◆ EXCERPTED DATA
______________________________
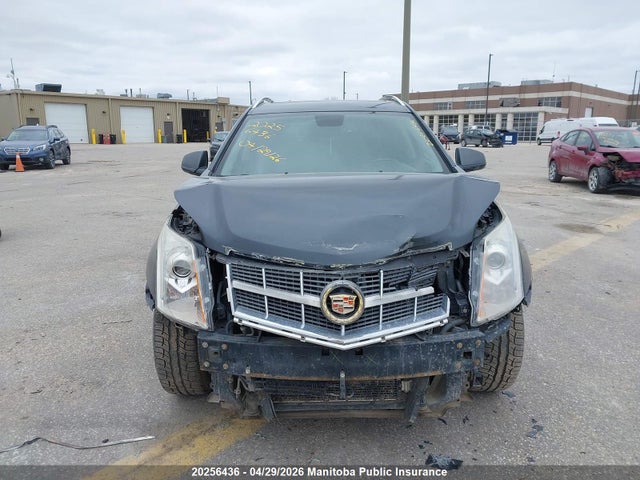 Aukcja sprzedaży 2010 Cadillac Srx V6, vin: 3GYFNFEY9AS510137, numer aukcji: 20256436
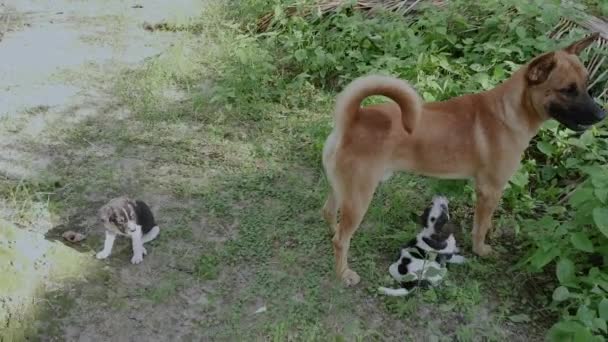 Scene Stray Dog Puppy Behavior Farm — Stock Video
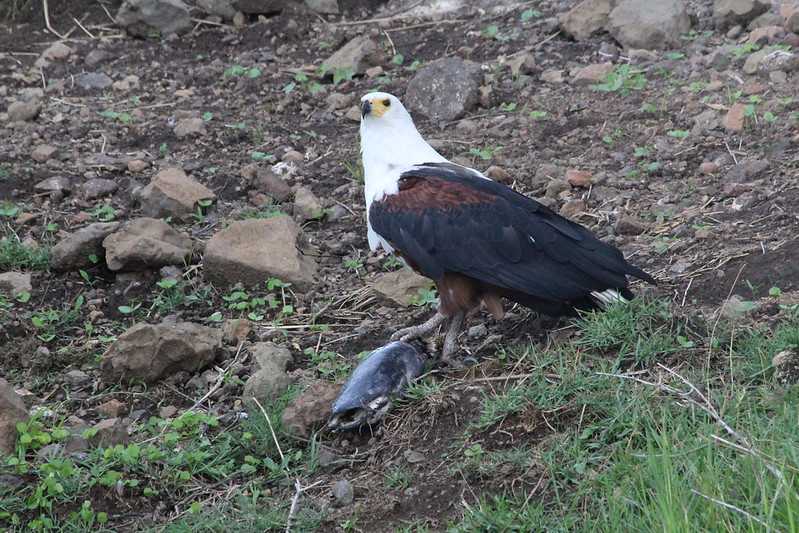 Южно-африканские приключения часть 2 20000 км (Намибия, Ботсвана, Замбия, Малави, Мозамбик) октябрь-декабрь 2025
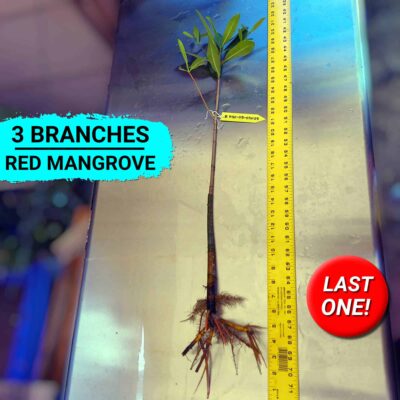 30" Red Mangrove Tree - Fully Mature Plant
______________________________
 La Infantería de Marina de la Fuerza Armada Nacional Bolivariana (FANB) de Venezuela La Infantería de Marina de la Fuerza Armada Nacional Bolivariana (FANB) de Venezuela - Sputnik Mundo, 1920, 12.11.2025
______________________________
◆ BRIEF
Copy out the listing above from the line containing "Aukcja sprzedaży 2010" to the line containing "Fully Mature Plant", both included, exactly as written and minus the images.

◆ ANSWER SECTION
 Aukcja sprzedaży 2010 Cadillac Srx V6, vin: 3GYFNFEY9AS510137, numer aukcji: 20256436
 Scene Stray Dog Puppy Behavior Farm — Stock Video
 Южно-африканские приключения часть 2 20000 км (Намибия, Ботсвана, Замбия, Малави, Мозамбик) октябрь-декабрь 2025
 30" Red Mangrove Tree - Fully Mature Plant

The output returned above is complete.